◆ **TASK DETAILS**:
Using the data that follows, output only the lines from the line with "Dreamade Round Glass" up to and including the line with "For 15-23 Chrysler", exactly, leaving pictures aside.

◆ **DATA TO PROCESS**:
====
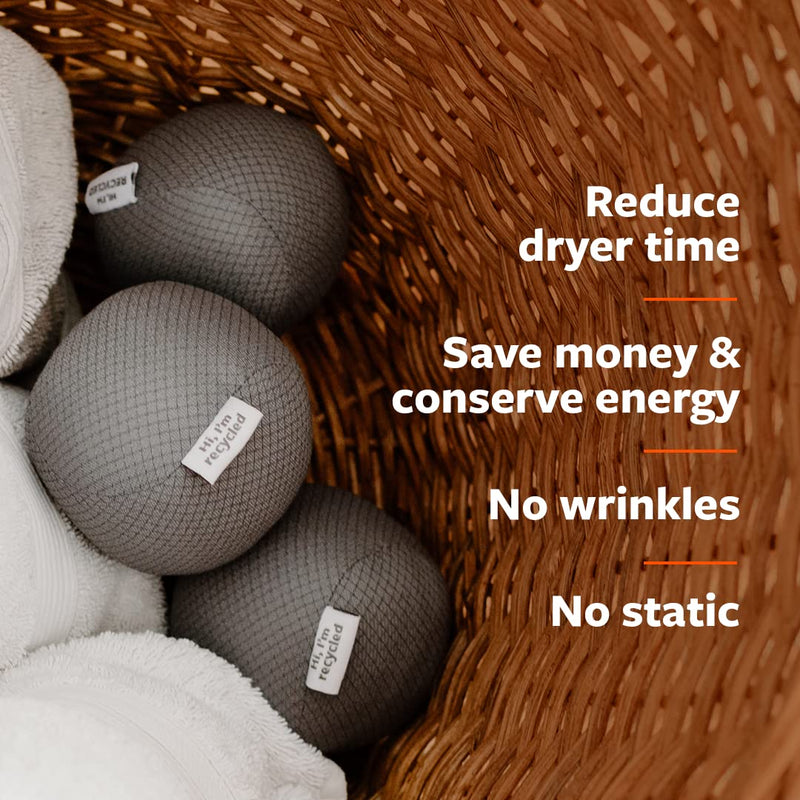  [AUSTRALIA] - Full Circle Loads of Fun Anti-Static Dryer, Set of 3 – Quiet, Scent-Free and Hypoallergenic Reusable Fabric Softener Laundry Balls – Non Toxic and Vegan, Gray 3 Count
====
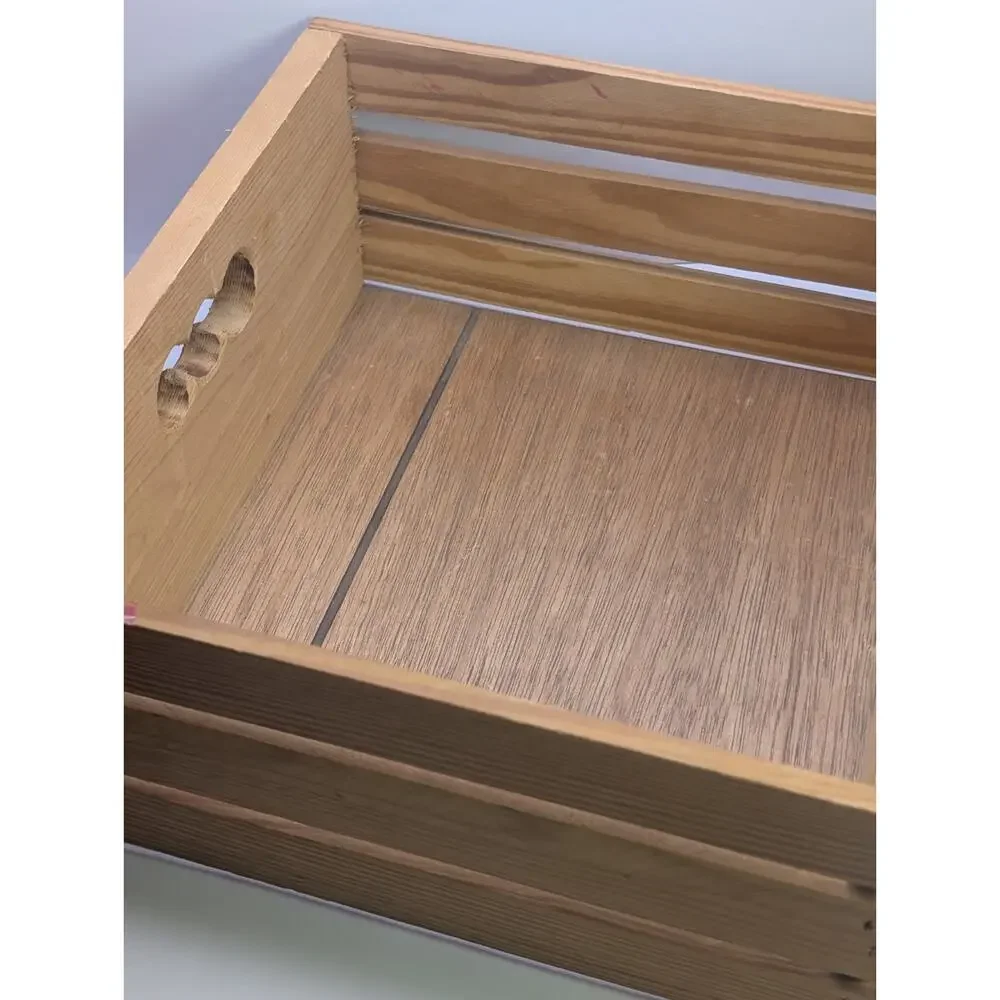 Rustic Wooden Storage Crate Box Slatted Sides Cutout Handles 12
====
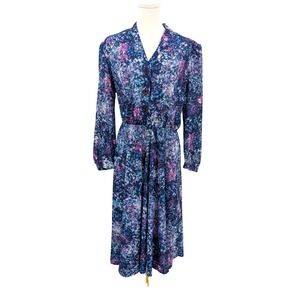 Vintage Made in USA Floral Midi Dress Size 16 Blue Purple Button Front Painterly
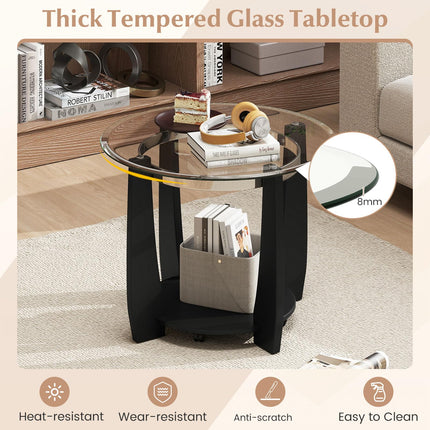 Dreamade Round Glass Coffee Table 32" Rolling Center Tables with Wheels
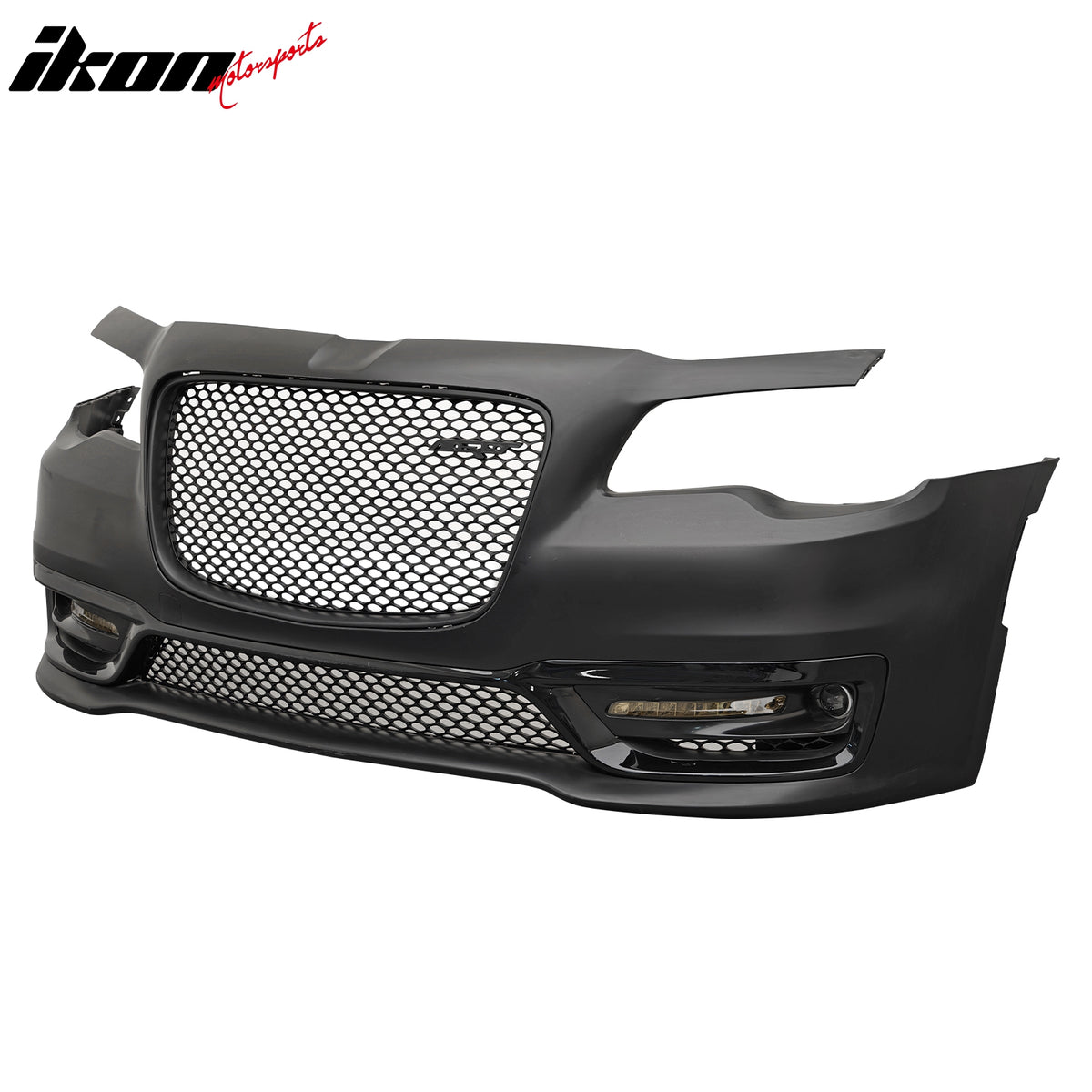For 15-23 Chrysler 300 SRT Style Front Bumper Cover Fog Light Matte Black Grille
====
◆ **ANSWER SPACE**:
 Dreamade Round Glass Coffee Table 32" Rolling Center Tables with Wheels
For 15-23 Chrysler 300 SRT Style Front Bumper Cover Fog Light Matte Black Grille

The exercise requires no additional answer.